A sensação de leveza e alegria que um espaço como o Parque Mandacaru proporciona é muito interessante. Esses momentos coletivos — pais, mães e avós tranquilos, crianças seguras e felizes — revelam uma espécie de “felicidade essencial”, aquela que não precisa de nada além de convivência e cuidado.
Isso mostra bem o valor dos espaços públicos de lazer: eles não são apenas locais de diversão, mas também de convivência intergeracional, de descanso mental e de fortalecimento dos laços familiares.
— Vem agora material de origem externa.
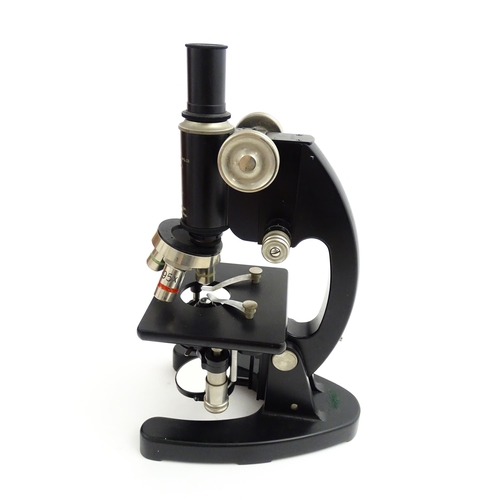 1247 - A mid 20thC laboratory microscope by Cooke, Troughton & Simms Ltd, York, fitted with rotary lenses o... 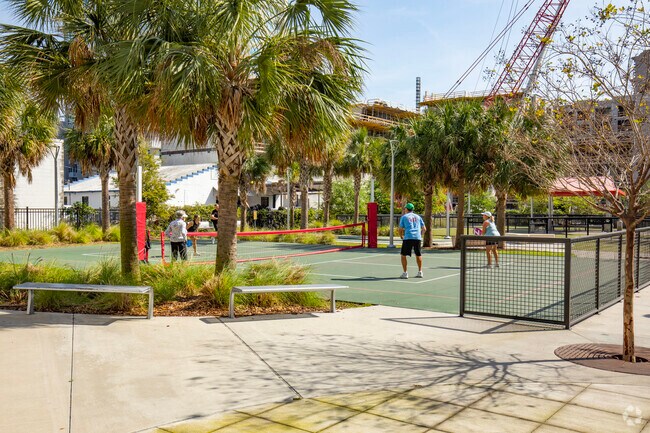 Play a friendly game of pickleball at Madison Street Park in Channelside, FL.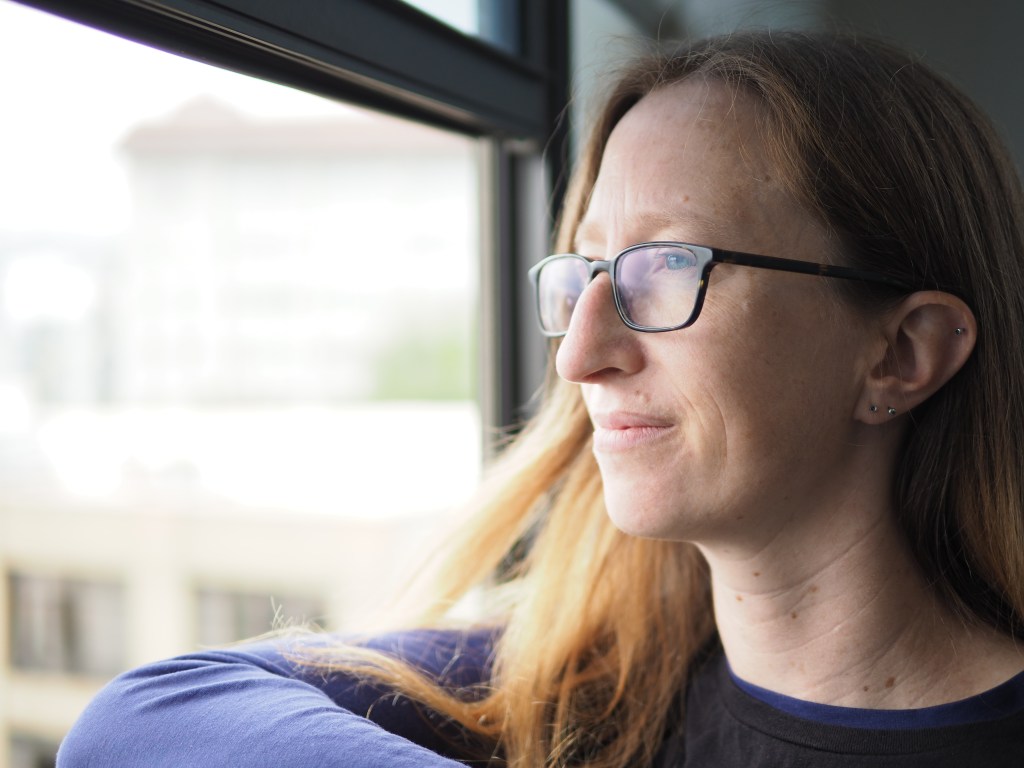 The author looking out a window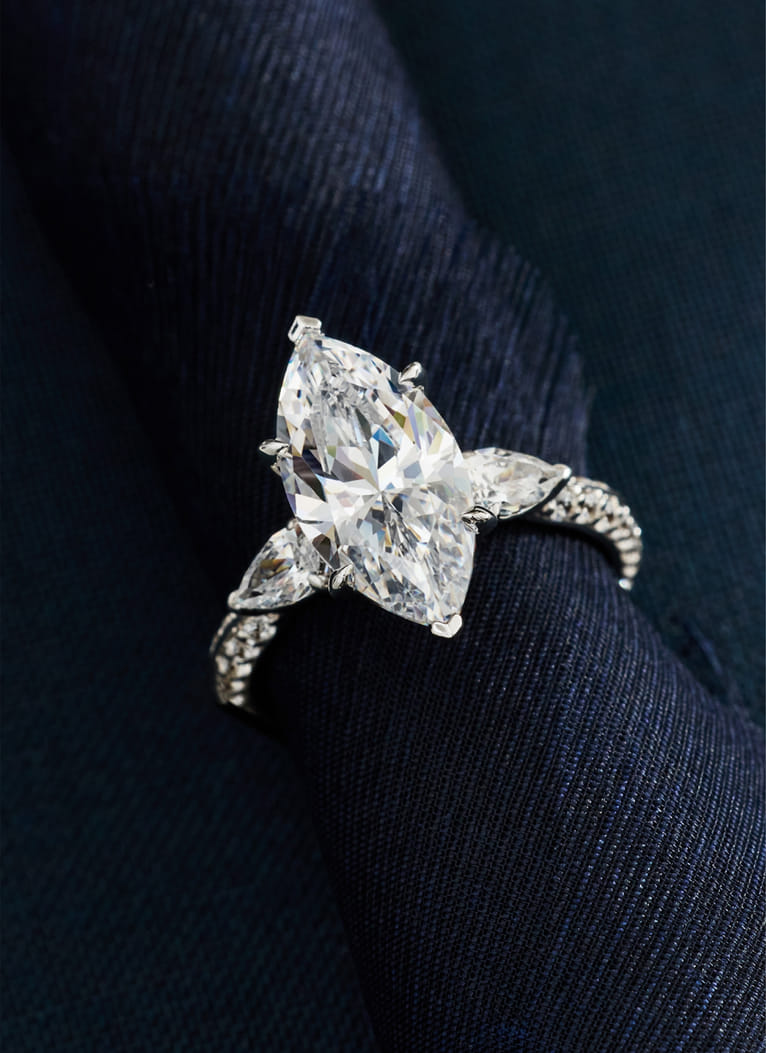 A marquise-cut diamond ring with side stones on a dark fabric background. A marquise-cut diamond ring with side stones on a dark fabric background.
É quase como se o parque fosse um palco onde a vida cotidiana se torna mais simples e genuína.
E foi nesse cenário de leveza que surgiu uma surpresa: o reencontro com Roberto, empresário de São Paulo do Potengi e irmão de Edilson da loja. Quem diria que, longe das rotinas do comércio, ele guardava dotes musicais tão ricos? Auxiliado pelo violonista Artur, que também emprestou sua voz, Roberto nos presenteou com um repertório que misturava composições próprias e pérolas do romanceiro nordestino. A cada acorde, o parque se transformava em palco, e a comunidade em plateia.
O Mandacaru, mais uma vez, cumpriu sua missão: ser espaço de convivência, cultura e afeto. Um lugar onde a vida se mostra em sua forma mais genuína, e onde até os talentos ocultos encontram ocasião para florescer. Felicidade a nossa que, pela infelicidade de Flavio de Souza quando esteve internado numa UTI, enquanto o COVID assolava o nosso planeta, fomos prestigiados pela execução de um sonho seu que motivou a criação do espaço de lazer mais prestigiado atualmente na área dominada pelo Potengi.
A abertura da piscina infantil, adornada por um navio comandado por um pirata, trouxe um encanto especial. Com permissão para que os pequeninos subam e se esbaldem, o cenário provoca êxtase tanto em crianças quanto em adultos. O Mandacaru está apenas começando. Muitas surpresas ainda estão guardadas para enriquecer os domingos dos visitantes. A capacidade criativa de Flávio de Souza não conhece limites. Quem sabe o Nordeste brasileiro, através dele, não venha a ser protagonista de uma espécie de Disneylandia do semiárido?